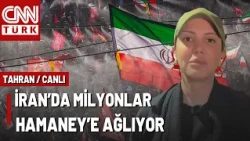 Tam 7 Milyon Kişi Cenaze Namazı Kıldı! Tahran'dan Canlı: İran Hamaney'in Yasını Tutuyor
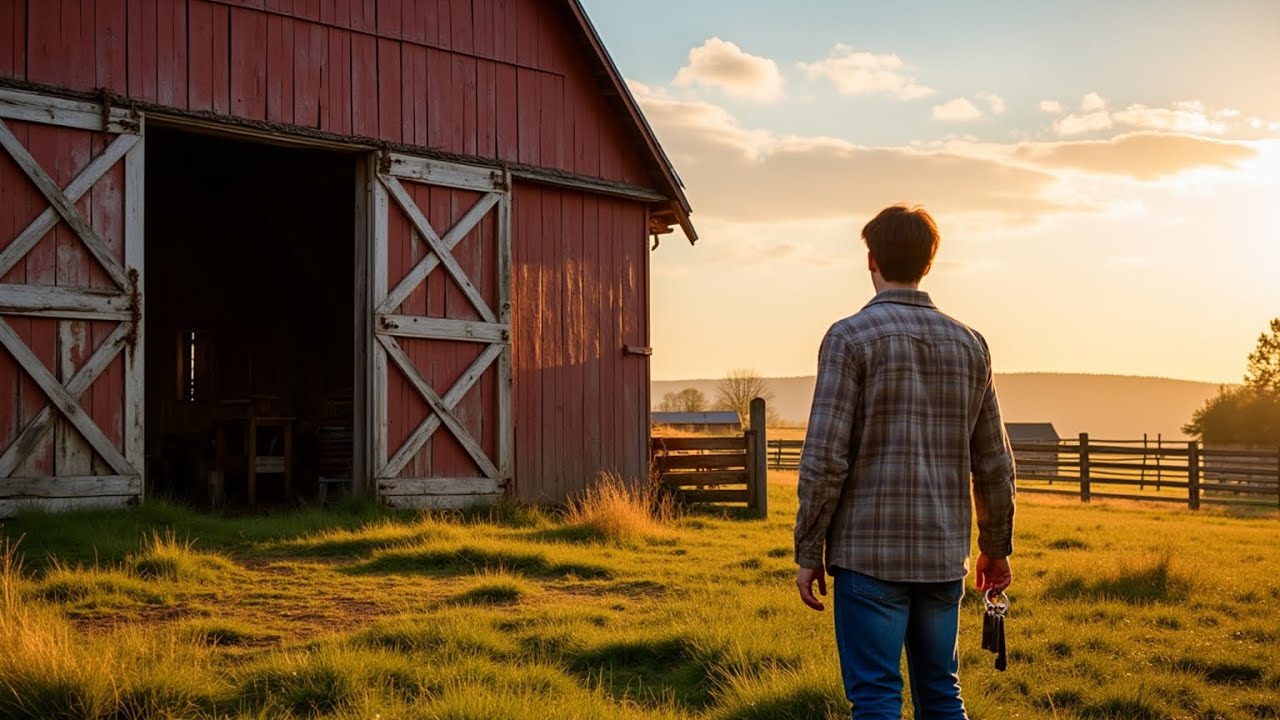 When I left the orphanage at 18, my grandmother's lawyer handed me a key to her locked barn…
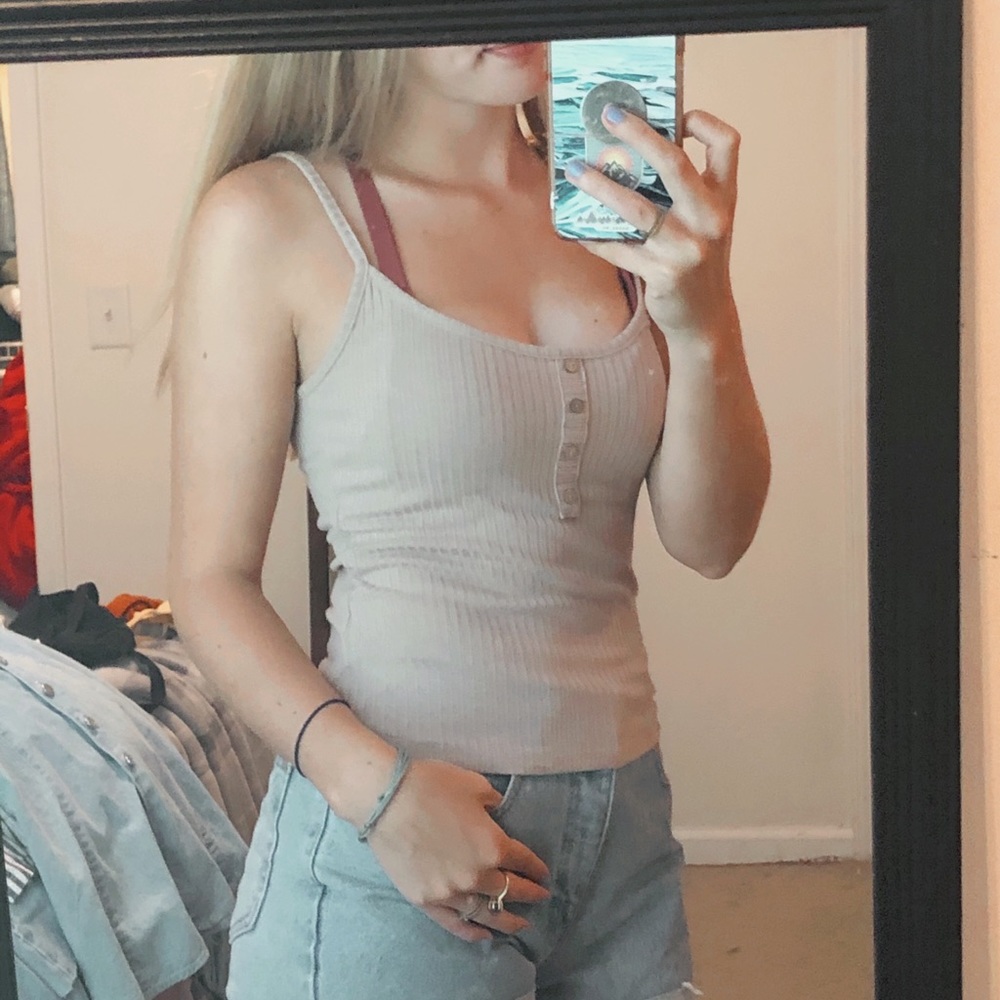 Beige tank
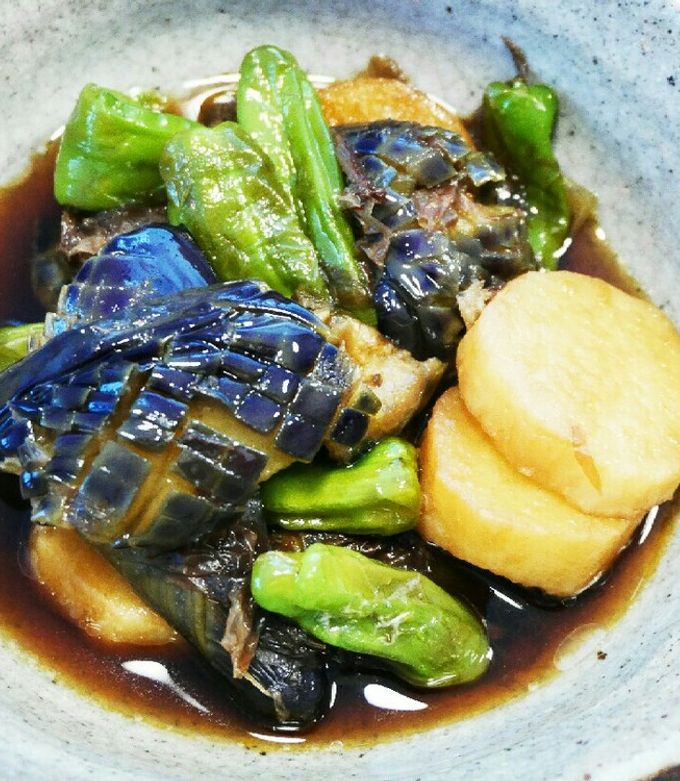 なす長芋ししとうの煮浸し-レシピのメイン写真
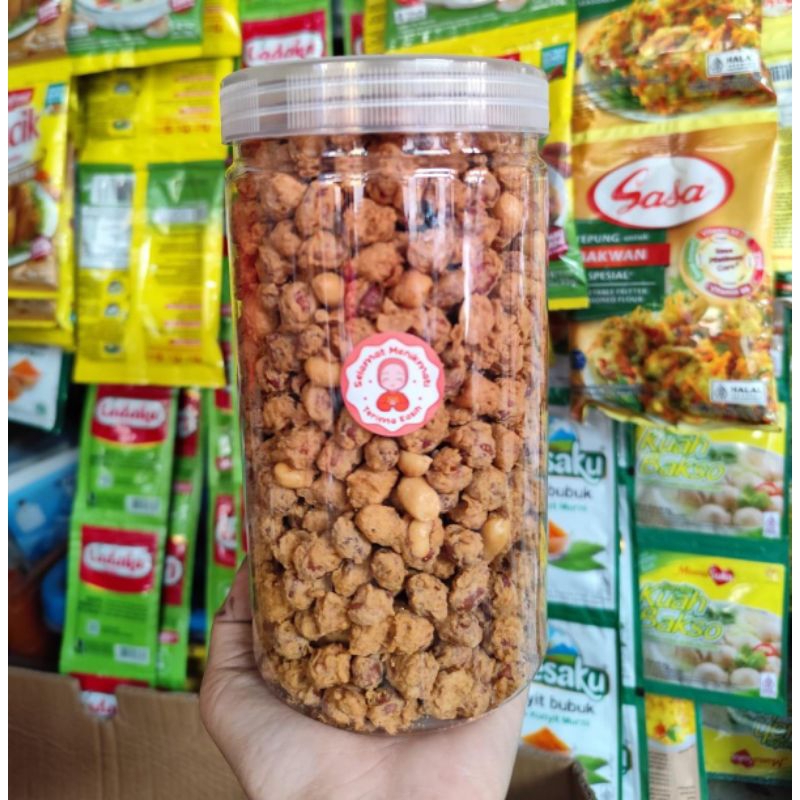 

1 toples kacang medan gurih renyah 500 gr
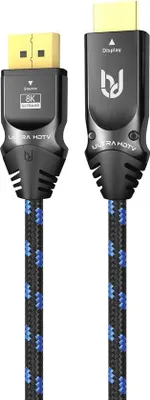 Immagine prodotto di Cavo HDMI da 3 m per 8K e 4K - Da DisplayPort 1.4 Ultra HD a HDMI con connettore placcato in oro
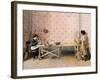 Children Working in Alabaster-Adriano Cecioni-Framed Giclee Print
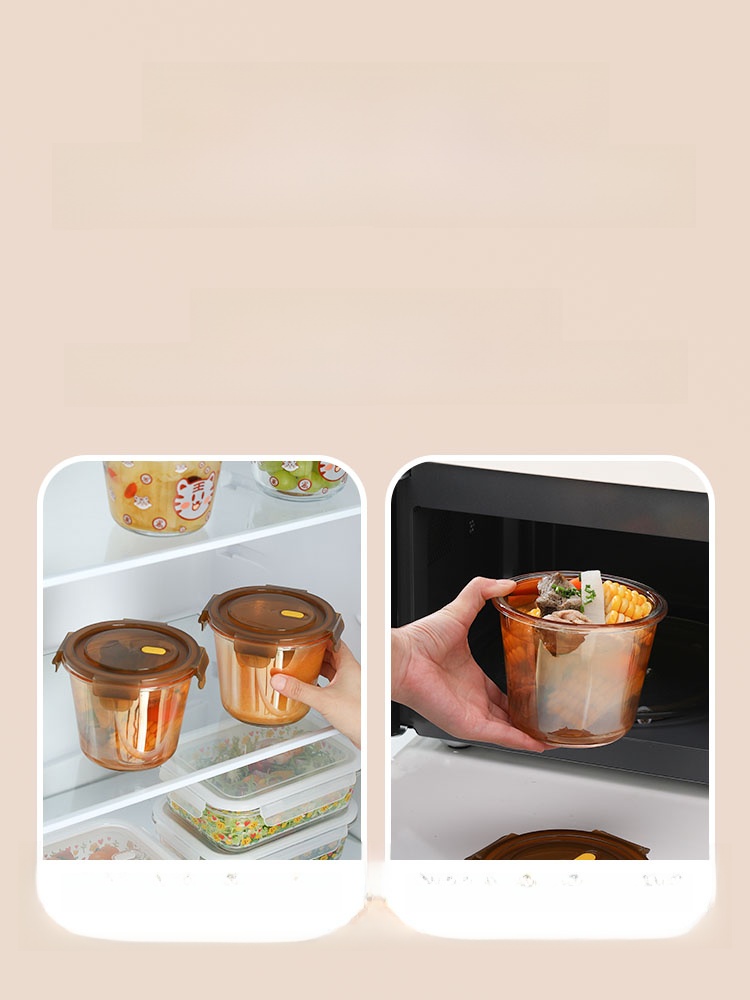 Sealed Microwave Oven with Rice Handy Gadget Soup Glass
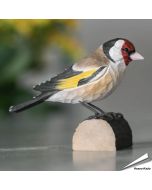 DecoBird Putter | Houtgesneden vogel van lindenhout | Wildlife Garden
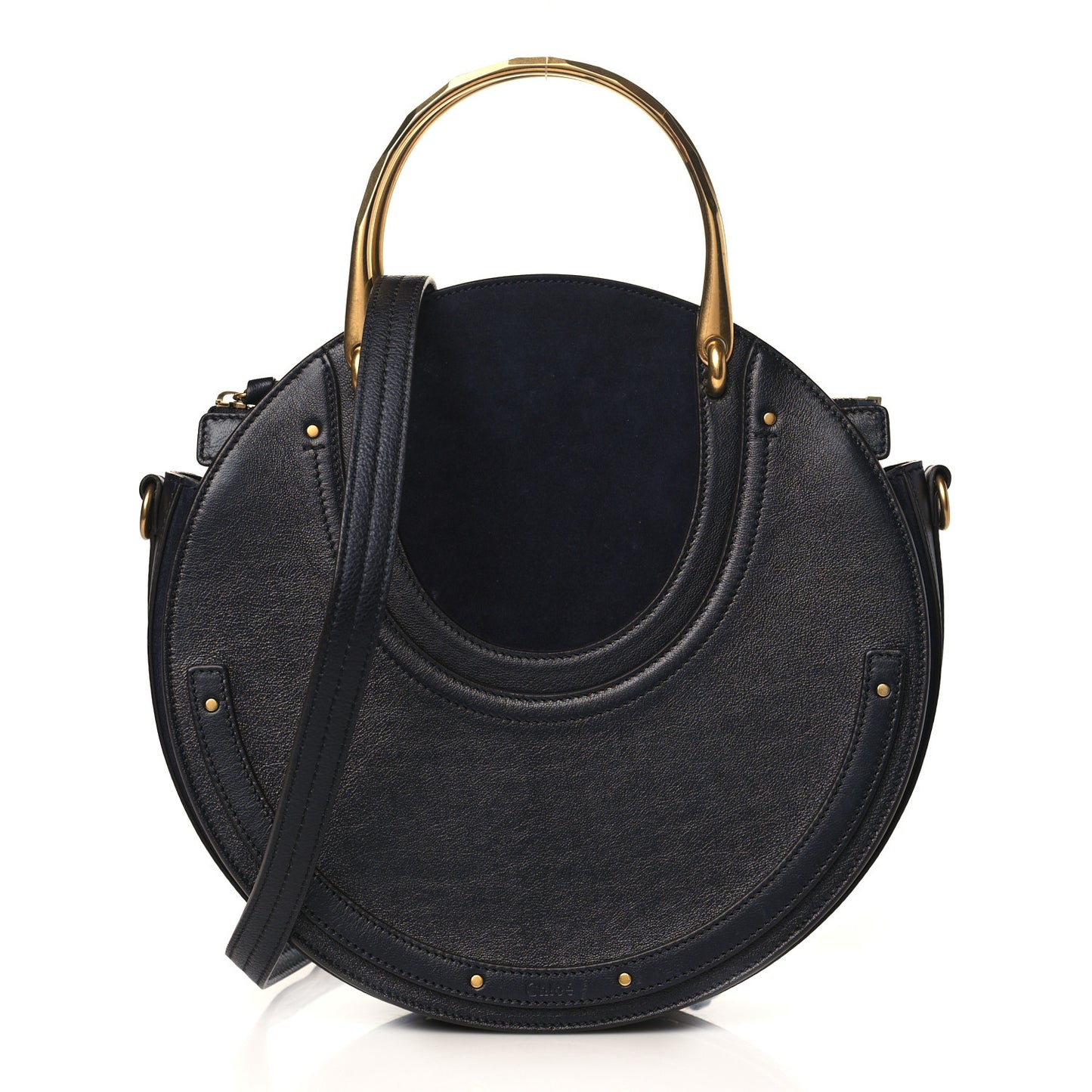 Calfskin Suede Medium Pixie Bag Full Blue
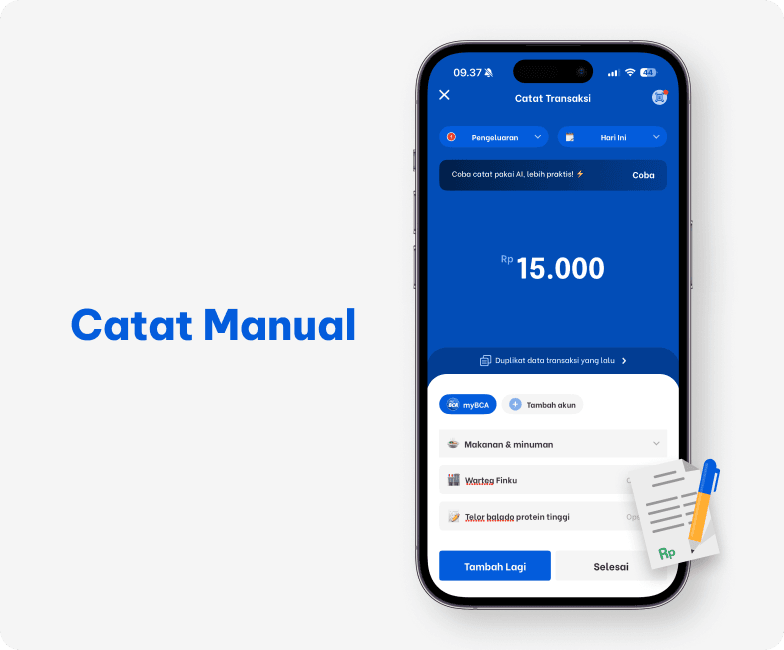 Catat Keuangan Lebih Detail dengan Fitur Transaksi Manual Finku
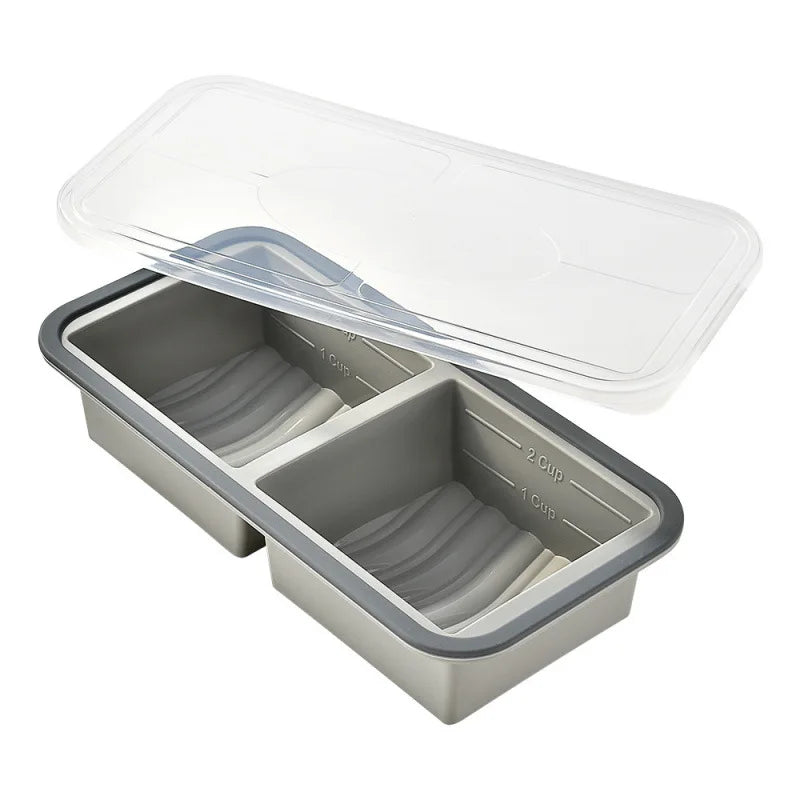 2/3/4 Cavity Silicone Ice Cream Mold with Lid Giant Large Freezer Tray BPA Free Food Storage Container Popsicle Maker Tool DIY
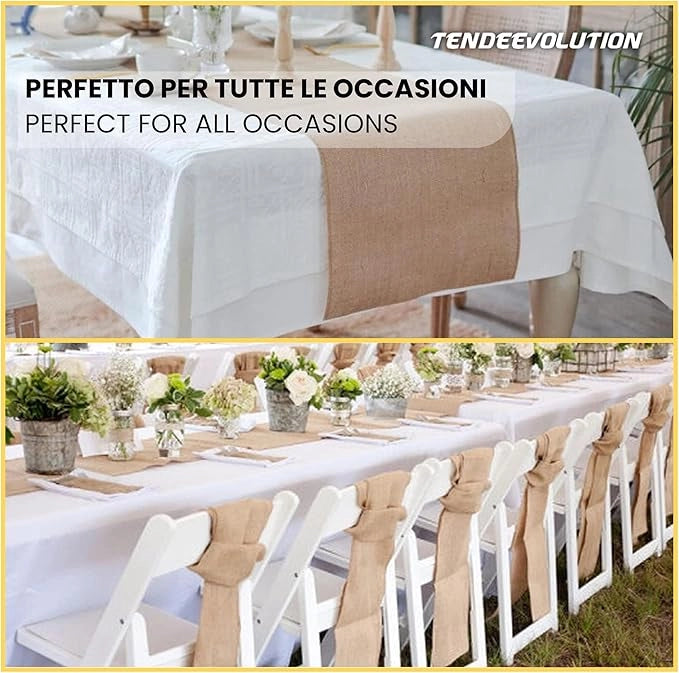 Tessuto Juta Naturale Premium - 330g/m², Altezza 1,40m - Vendita al Metro Lineare per Artigianato, Sartoria e Decorazione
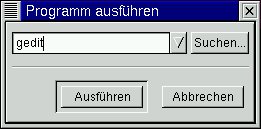 Abbildung 8: So sieht GNOME's Programm-Starter aus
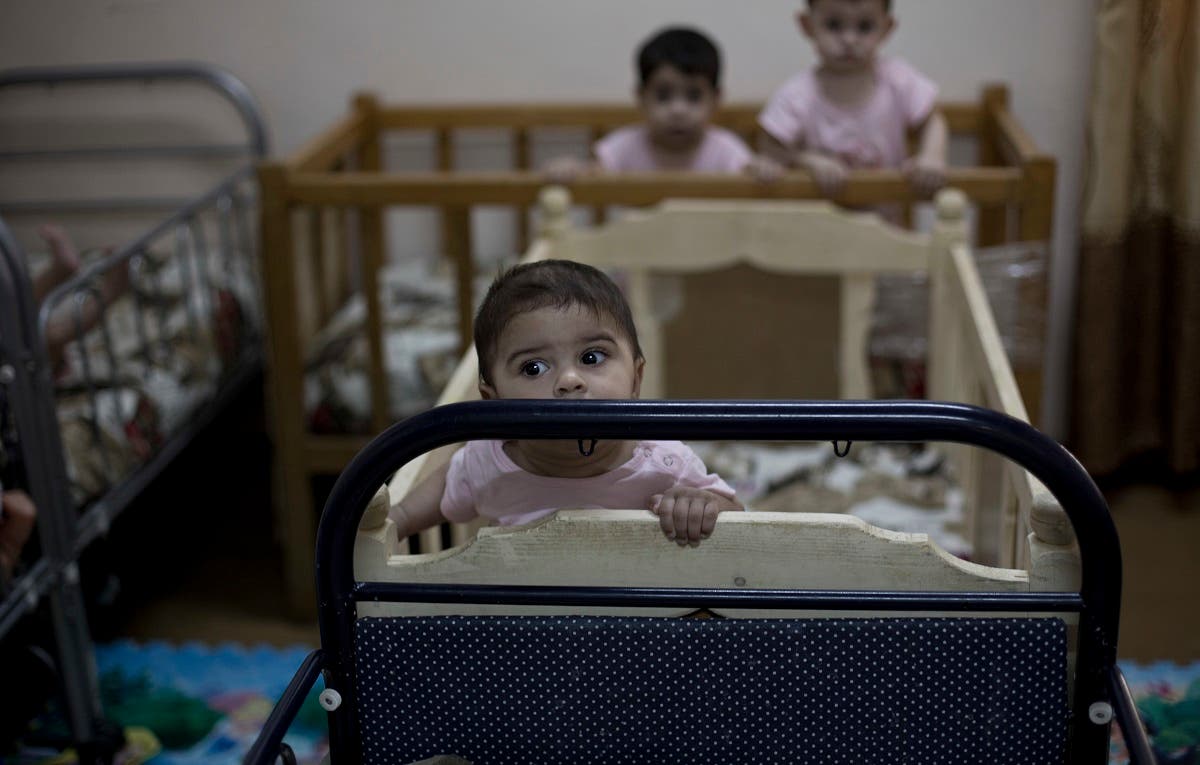 Yazidi children. (AP)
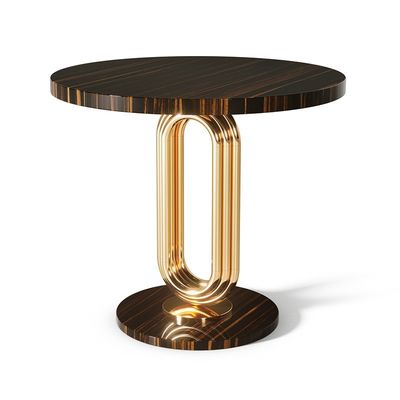 satın al Parlak Altın Yaratıcı Lounge Yan Masa Metal Yuvarlak Kahve Masası Otel Ofisi İçin online manufacture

───

Task directions
Omitting all pictures, retype exactly the lines from the line containing "Immagine prodotto di" down to the last line above, both ends included.

The completed task
 Immagine prodotto di Cavo HDMI da 3 m per 8K e 4K - Da DisplayPort 1.4 Ultra HD a HDMI con connettore placcato in oro
 Children Working in Alabaster-Adriano Cecioni-Framed Giclee Print
 Sealed Microwave Oven with Rice Handy Gadget Soup Glass
 DecoBird Putter | Houtgesneden vogel van lindenhout | Wildlife Garden
 Calfskin Suede Medium Pixie Bag Full Blue
 Catat Keuangan Lebih Detail dengan Fitur Transaksi Manual Finku
 2/3/4 Cavity Silicone Ice Cream Mold with Lid Giant Large Freezer Tray BPA Free Food Storage Container Popsicle Maker Tool DIY
 Tessuto Juta Naturale Premium - 330g/m², Altezza 1,40m - Vendita al Metro Lineare per Artigianato, Sartoria e Decorazione
 Abbildung 8: So sieht GNOME's Programm-Starter aus
 Yazidi children. (AP)
 satın al Parlak Altın Yaratıcı Lounge Yan Masa Metal Yuvarlak Kahve Masası Otel Ofisi İçin online manufacture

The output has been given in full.